Algo sobre "El Zapateo Cubano"


Por Josefina Ortega, La Habana

Los cubanos tenemos famas de bailadores y así parece ser desde hace centurias, tal y como buena parte de los cubanos bailan hoy casino, Cha.cha-cha, danzón, algún que otro mambo; o se mueven al ritmo del hip-hop, cuando sobre el escenario un grupo de raperos advierte «¡ven, que te vo´a dar la caja!».

Y parece que sí que somos bailadores —o lo intentamos— igual el obrero que el intelectual o el campesino. Y en cada época se bailó lo que a cada época le tocó, haya sido la contradanza, el paspié, el minuet o el brake-dance.

Ni el fenómeno estuvo limitado al paisaje urbano, pues entre los campesinos existió una danza propia, una de las más antiguas, y con particularidades que la diferencia del estilo común a más de una región de esta América nuestra: el zapateo criollo.

El investigador e historiador cubano José María de la Torre, dijo en una ocasión que el origen del zapateo criollo parecía venir de la región española de Castilla la Nueva « pues al escuchar alguna tonada en La Mancha, creía estar oyendo el lastimero ¡ay! de nuestros campesinos…»

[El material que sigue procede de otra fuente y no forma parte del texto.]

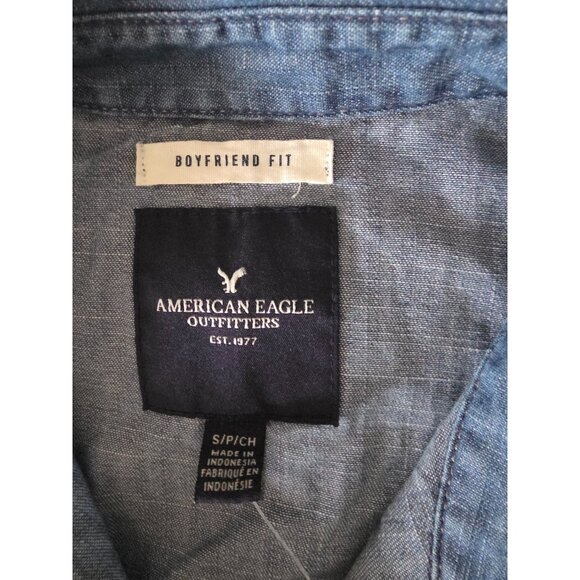 American Eagle Outfitters Boyfriend Fit Button Front Denim Shirt Size Small NWT - Picture 8 of 16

Según se describiría entonces, el baile de zapateo se hacía en pareja, hombre y mujer separados, uno frente al otro, marcando el movimiento del ritmo con los pies y manteniendo el cuerpo inmóvil.

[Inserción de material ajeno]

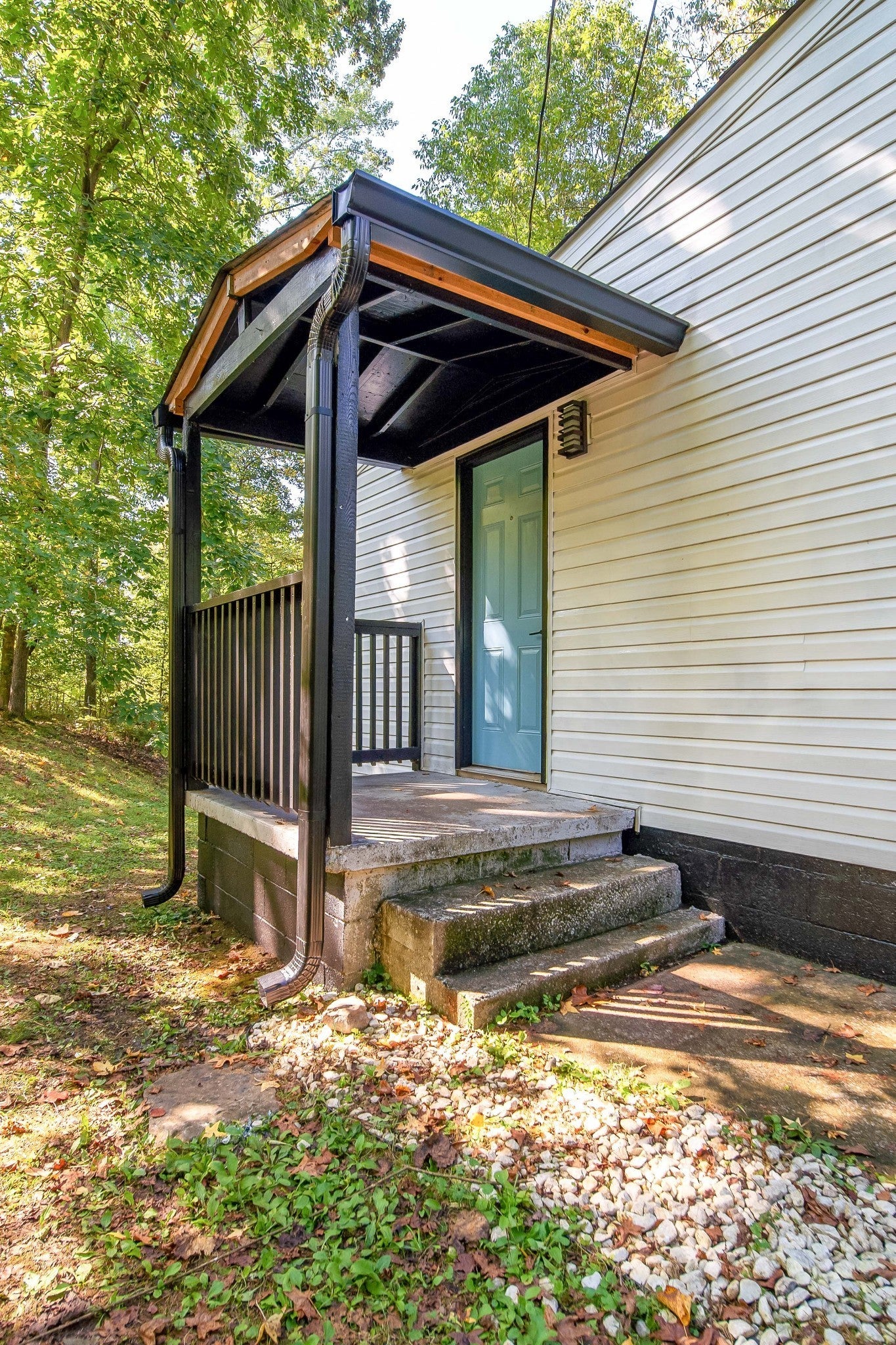 Photo of Listing #3057203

Sin embargo, tal taconeo, la gestualidad y, en general, el ritmo asumido recuerda a la intencionalidad «coreográfica andaluza», según escribió el compositor cubano Sánchez de Fuente.

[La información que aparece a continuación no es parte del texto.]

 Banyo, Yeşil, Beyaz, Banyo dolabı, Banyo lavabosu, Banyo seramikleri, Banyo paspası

Durante un zapateo criollo hay intervalos de tiempo en que la música es la protagonista, y aún más, la aparición de la décima cantada —o recitada— acompañándose del «tiple y el güiro»

¿Qué es un tiple?, pues según los diccionarios, es instrumento «cordófono, compuesto de mango, cuello y caja, de dimensión mayor que el requinto e igual en todas sus partes. Tiene doce cuerdas distribuidas en cuatro órdenes triples, con la particularidad que el segundo, tercero y cuarto orden tienen una cuerda entorchada, combinada con dos de acero en afinación octavada. Se ejecuta utilizando las uñas, un plectro o bien las yemas de los dedos, para acompañar los cantos».

El güiro, el sencillo y cubano güiro, en cambio, es fruta de corteza dura, —en Cuba, al árbol lo llamamos güira— con forma de calabaza o melón, que una vez secado, se le hacen varias rayas paralelas consecutivas por uno de los lados y que al frotarse con unas varillas produce el consabido chiquichac-chiquichac-chiquichac… tan caro a la música cubana de todos los tiempos.

Desde principios del siglo XVIII, cuando ya se bailaba el zapateo, y hasta bien avanzado el XIX, en los campos cubanos fue famosa esta danza.

La danzante femenina vestía una vaporosa bata blanca con cintas de colores —el azul fue símbolo de cubanía—, pañuelos y adornos florales, mientras que el hombre usaba la incombustible guayabera.

Muchos años después, el tiple fue sustituido por la bandurria y finalmente por el «tres», instrumento con forma de guitarra con tres parejas de cuerdas y una caja de madera. En sus inicios, su estructura musical se basaba en la repetición constante de un estribillo de cuatro compases o menos, cantado por un coro conocido como el montuno, pero con el tiempo alcanzó su personalidad y protagonismo propios.

Hoy el zapateo es un baile olvidado y solo se interpreta en las compañías de danza folklóricas o en centros de educación artística. Considerado a principios del siglo XX como «cosa de rústicos» cayó en descrédito y lamentablemente se fue marginando.

Al menos, incluido en el plan de las actuales Escuelas de Instructores de Arte, se enriquecerá el repertorio de muchos jóvenes que creen que el simplón «tembleque» es lo máximo para el alma divertir.